Seven days before coming to the clinic, the patient’s hemoglobin A1c was 14.7 percent and his estimated glucose was 375.5mg/dL. In 2007, the patient had a reported triglyceride level of 494mg/dL. Labs from the authors’ evaluation revealed a triglyceride level of 1478mg/dL. In addition, his total cholesterol level was 323mg/dL and his high-density lipoprotein was 36mg/dL. Due to the high triglyceride levels in the sample, his low-density lipoprotein (LDL) and very-low-density lipoprotein (VLDL) could not be calculated. An apolipoprotein evaluation could not be performed because the markedly elevated triglycerides of the sample made it unsuitable for testing. However, on follow-up electrophoresis, the patient’s triglycerides were 1718mg/dL, cholesterol was 340mg/dL, chylomicrons were moderately increased, LDL was normal, VLDL was markedly increased, and HDL was decreased. The appearance of the sample was milky and the lab interpreted the pattern as being consistent with type IV hyperlipoproteinemia.

The results indicate that this patient is at a great risk for both pancreatitis and early coronary artery disease.[3–5] He would benefit from early and intense treatment to lower his triglyceride levels. The treatments for eruptive xanthomas and hypertriglyceridemia are the same and involve rigorous control of the diabetes, a low-fat diet, and pharmaceutical treatment.[3,5] This patient was referred back to his endocrinologist given his poorly controlled concomitant diabetes mellitus type 2.

Recognizing eruptive xanthomas and being aware of its association with hypertriglyceridemia can help to decrease any lag between a patient being seen by a physician and treatment for a serious medical condition.

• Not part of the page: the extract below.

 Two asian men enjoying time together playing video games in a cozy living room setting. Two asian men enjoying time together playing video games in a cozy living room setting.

1.    Wolff K, Johnson RA. Fitzpatrick’s Color Atlas and Synopsis of Clinical Dermatology. 6th ed. New York: McGraw Hill; 2009.

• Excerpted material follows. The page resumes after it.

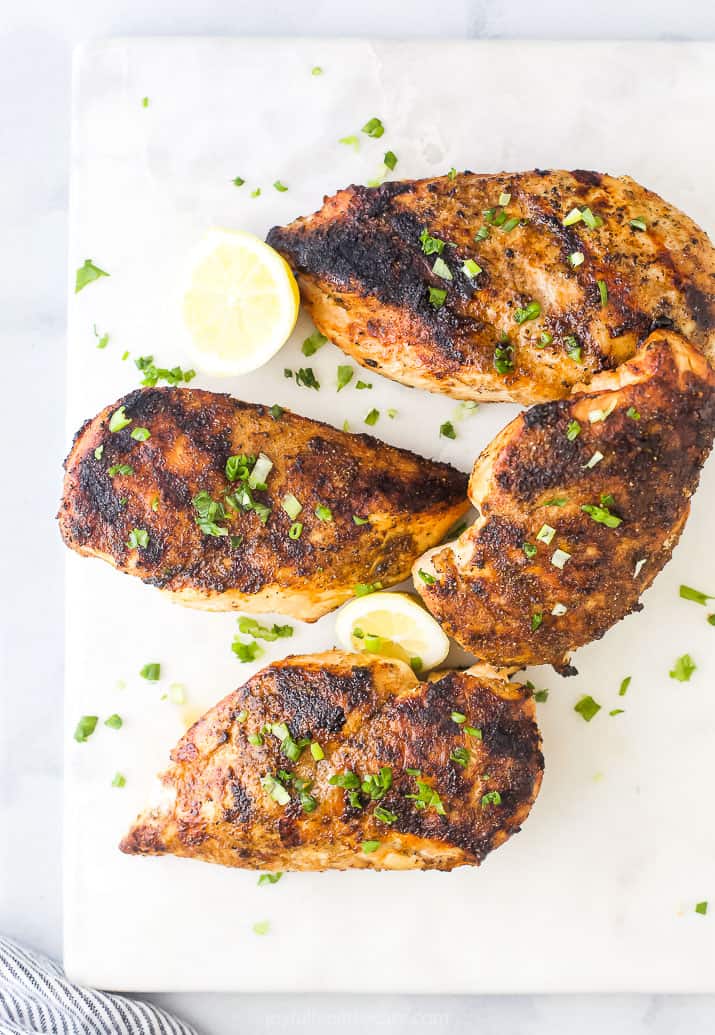 grilled whole chicken breasts garnished with fresh herbs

2.    Fauci AS, Braunwald E, Kasper DL, Hauser SL. Harrison’s Principles of Internal Medicine. 17th ed. New York: McGraw Hill; 2008.
3.    Durrington P. Dyslipidaemia. Lancet. 2003;362:717–731.
4.    Sarwar N, Danesh J, Eiriksdottir G, et al. Triglycerides and the risk of coronary heart disease: 10,158 incident cases among 262,525 participants in 29 Western prospective studies. Circulation. 2007;115(4):450–458.
5.    Brunzell JD. Clinical practice. Hypertriglyceridemia. N Engl J Med. 2007;357(10):1009–1017.